Fado für die Facebook-Generation

FADO-POP Auf „Canto“ steuert Portugals Fado-Jungstar Carminho neue Ufer an, betreibt Heimatkunde und landet sogar in Brasilien

„Ich erinnere mich nicht mehr an den Tag, an dem ich begonnen habe, Fado zu singen“, sagt Carminho. „Ich weiß ja auch nicht mehr, an welchem Tag ich anfing zu sprechen. Fado lernt man wie seine Muttersprache: es gibt keine Bücher, Schulen, Theorien, die man zu Rate ziehen kann“, behauptet sie frisch.

Der Fado wurde Carminho allerdings auch schon in die Wiege gelegt. Als Tochter der Fadista Teresa Siqueira wuchs sie mit den Konzertabenden ihrer Eltern auf. Schon mit zwölf stand sie auf der Bühne des großen Coliseu von Lissabon, und kaum dem Teenageralter entwachsen, war sie mit Zahnspange in Carlos Sauras Musikfilm „Fados“ zu sehen. Ihre Karriere verlief so steil, dass sie selbst Angst bekam und erst einmal ein Jahr in Asien als Mitarbeiterin einer Hilfsorganisation verbrachte, bevor sie ihr Debütalbum aufnahm.

Als das erschien, lag ihr das Publikum zu Füßen, und Kritiker lobten sie als eine der größten Stimmen, die das Land jemals haben werde. Allein die Titel ihrer beiden ersten Alben von 2009 und 2012, „Fado“ und „Alma“ („Seele“) sind so monolithisch gewählt, als ginge es hier um zeitlos Gültiges. Dass sie ihr Genre so souverän beherrscht, gibt ihr die Freiheit, in andere Stile zu wechseln. So landete sie mit dem spanischen Popstar Pedro Alborán den Nummer-eins-Hit „Perdoname“, sang mit Milton Nascimento, arbeitete mit dem Elektroniker Nicolas Jaar.

Carminho, so lehrt ein Blick auf die 300.000 Likes ihrer Facebook-Seite, ist ein Massenphänomen, und gerade für viele Junge ist sie eine Ikone. „Die jungen Portugiesen hören immer mehr Fado“, bekräftigt Carminho. „Der Fado ist wie ein Motor, der stetig an Kraft gewinnt. Wir sind ein kleines Land, und die Waffe, mit der wir in der Welt bestehen können, ist unsere Kultur. In dieser schwierigen Phase, die gerade die Jungen durchleben müssen, ist es klar, dass sie sich auf die Suche nach ihrer Identität machen“, findet die Sängerin.

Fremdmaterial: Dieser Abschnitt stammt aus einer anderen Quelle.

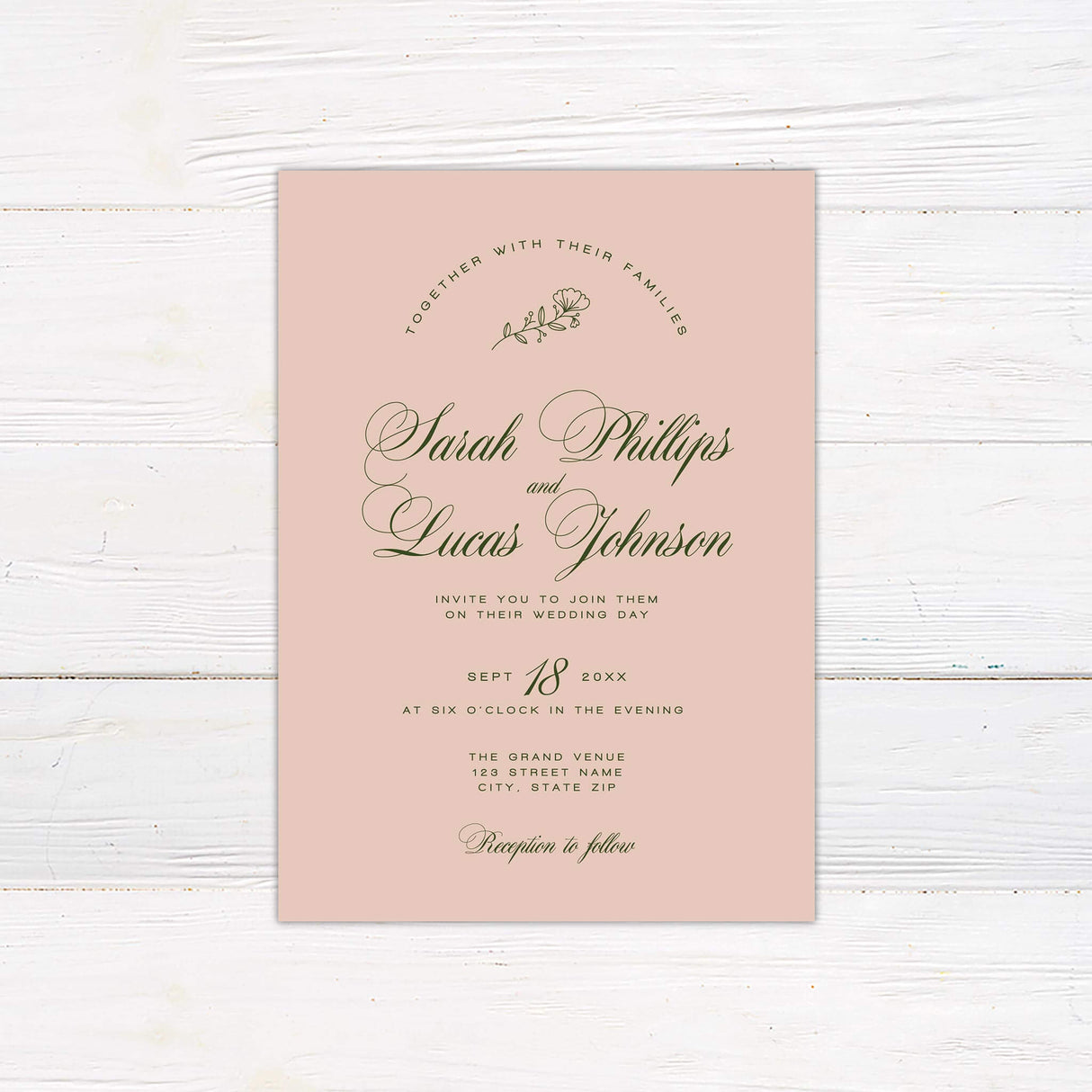 Blush pink wedding invitation with elegant green script font, minimal floral accent, and classic layout.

Zusammen mit ihrem Ehemann, dem Gitarristen Diogo Clemente, hat sie ihren Fado auf „Canto“ merklich geöffnet. Sie geht in Brasilien vor Anker, hat vom Verehrer Caetano Veloso und seinem Sohn Tom die schlichte Ballade „O Sol, Eu E Tu“ entlehnt, singt im Duett mit Marisa Monte. In schwungvollen, wuchtigen und frischen Exkursionen feiert sie aber auch Portugals Vielfalt, und betreibt ein wenig Heimatkunde. „Diese Platte hat mehr Perkussionsanteile, mehr Rhythmus. Ich habe erkannt, dass in meinen Wurzeln mehr drinsteckt als die Liebe zum Fado. Zum Beispiel Folkloreformen vom Süden bis hoch zur Beira Alta, die Janeiras oder die Corridinhas aus dem Algarve, wo ich viele Jahre meiner Jugend verbracht habe.“ Indem sie an diese Stile erinnert, die international weniger bekannt sind, macht Carminho klar, dass Portugal mehr als nur Fado ist.